Eclipse vs NetBeans for Flex2 Development
Today’s been interesting from an IDE point of view. After doing a little research, I saw lots of references to how to set up Eclipse to compile a Flex project–but only one for NetBeans. Not having either one installed on my work machine, I went with Eclipse. I like it okay, but I’m not a big fan of the Ant integration (NetBeans seems much more natural in this regard). I had an idea I wanted to test when I got home (more on this in a day or two probably), so I set out to reproduce my work setup. Only I didn’t have Eclipse on my home PC (versus my work Mac) and I did already have NetBeans installed.
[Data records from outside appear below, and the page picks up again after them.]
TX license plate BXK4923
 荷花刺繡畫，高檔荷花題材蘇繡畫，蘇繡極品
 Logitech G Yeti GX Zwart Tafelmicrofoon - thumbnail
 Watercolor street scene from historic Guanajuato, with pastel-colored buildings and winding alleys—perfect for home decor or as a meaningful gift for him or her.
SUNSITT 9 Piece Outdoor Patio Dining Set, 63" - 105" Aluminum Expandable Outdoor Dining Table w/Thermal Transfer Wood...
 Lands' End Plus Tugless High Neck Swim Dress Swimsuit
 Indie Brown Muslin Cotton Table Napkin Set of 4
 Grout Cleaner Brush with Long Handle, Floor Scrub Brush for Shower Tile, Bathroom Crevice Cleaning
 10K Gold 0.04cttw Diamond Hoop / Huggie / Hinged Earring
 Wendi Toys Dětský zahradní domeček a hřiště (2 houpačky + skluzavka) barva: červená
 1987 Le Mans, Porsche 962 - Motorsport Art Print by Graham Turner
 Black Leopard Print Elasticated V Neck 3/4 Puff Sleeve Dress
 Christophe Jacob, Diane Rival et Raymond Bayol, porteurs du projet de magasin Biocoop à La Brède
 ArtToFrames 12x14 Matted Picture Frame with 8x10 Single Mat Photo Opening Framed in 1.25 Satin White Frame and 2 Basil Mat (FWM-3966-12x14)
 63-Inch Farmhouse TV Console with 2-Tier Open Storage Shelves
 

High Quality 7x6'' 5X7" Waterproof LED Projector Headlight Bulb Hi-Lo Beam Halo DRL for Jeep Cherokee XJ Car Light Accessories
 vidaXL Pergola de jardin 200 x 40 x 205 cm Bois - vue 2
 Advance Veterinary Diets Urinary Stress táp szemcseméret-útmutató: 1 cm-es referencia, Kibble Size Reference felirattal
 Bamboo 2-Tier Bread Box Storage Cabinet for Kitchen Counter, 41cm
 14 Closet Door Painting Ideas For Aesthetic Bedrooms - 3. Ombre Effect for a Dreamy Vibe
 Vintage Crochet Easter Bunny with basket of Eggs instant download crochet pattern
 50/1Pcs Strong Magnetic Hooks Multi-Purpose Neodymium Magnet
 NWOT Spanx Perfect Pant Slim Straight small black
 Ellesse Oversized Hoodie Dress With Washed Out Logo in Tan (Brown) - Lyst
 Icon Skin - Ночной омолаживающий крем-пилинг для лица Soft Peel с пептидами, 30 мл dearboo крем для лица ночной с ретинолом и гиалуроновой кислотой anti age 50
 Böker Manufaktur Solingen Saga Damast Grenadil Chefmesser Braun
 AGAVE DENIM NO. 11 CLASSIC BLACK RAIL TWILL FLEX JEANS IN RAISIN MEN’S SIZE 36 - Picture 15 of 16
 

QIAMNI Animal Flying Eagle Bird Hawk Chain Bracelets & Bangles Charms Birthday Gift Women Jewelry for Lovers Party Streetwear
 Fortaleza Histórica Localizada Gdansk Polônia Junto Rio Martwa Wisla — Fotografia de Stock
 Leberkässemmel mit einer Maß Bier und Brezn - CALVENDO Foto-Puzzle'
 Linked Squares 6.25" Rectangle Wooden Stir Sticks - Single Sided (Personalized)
Having learned a lot more about Ant the Flex compiler through all my experiments at work (this page and this page were very helpful), I decided I’d stick with NetBeans at home–meaning that I’ve become a living experiment of sorts. I’ll give both a heavy go over the next few weeks and then declare which one I like better. Though I haven’t done as much with NetBeans yet, I’m going to go ahead an name it as the early favorite. I’m not big on “real” IDE features–all I really want is a tabbable text editor, a file tree, and a few shortcuts so I don’t have to open consoles all over the place. Because Ant is so heavily integrated into NetBeans, it was stupid easy to just set up the basic build tasks. I made a generic NetBeans projects with tasks to clean, compile, generate ASDocs (though I hardly need those for little projects), generate the html files from templates, and execute (either in the standalone or Firefox).
I can just hit F11 to compile and F6 to run, which makes me happy. I can create a little Ant sidebar in Eclipse, but I haven’t yet figured out how to assign hotkeys to Ant build tasks. Also, NetBeans makes it really easy to use that project as a template–I just copy it over and it refactors everything for me. Eclipse probably does the same, but the edge goes to NetBeans because I figured out how to do it there first.
If I get really motivated (and there’s any interest in it), I’ll bundle up my template NetBeans project and write a little how-to. More as the test continues.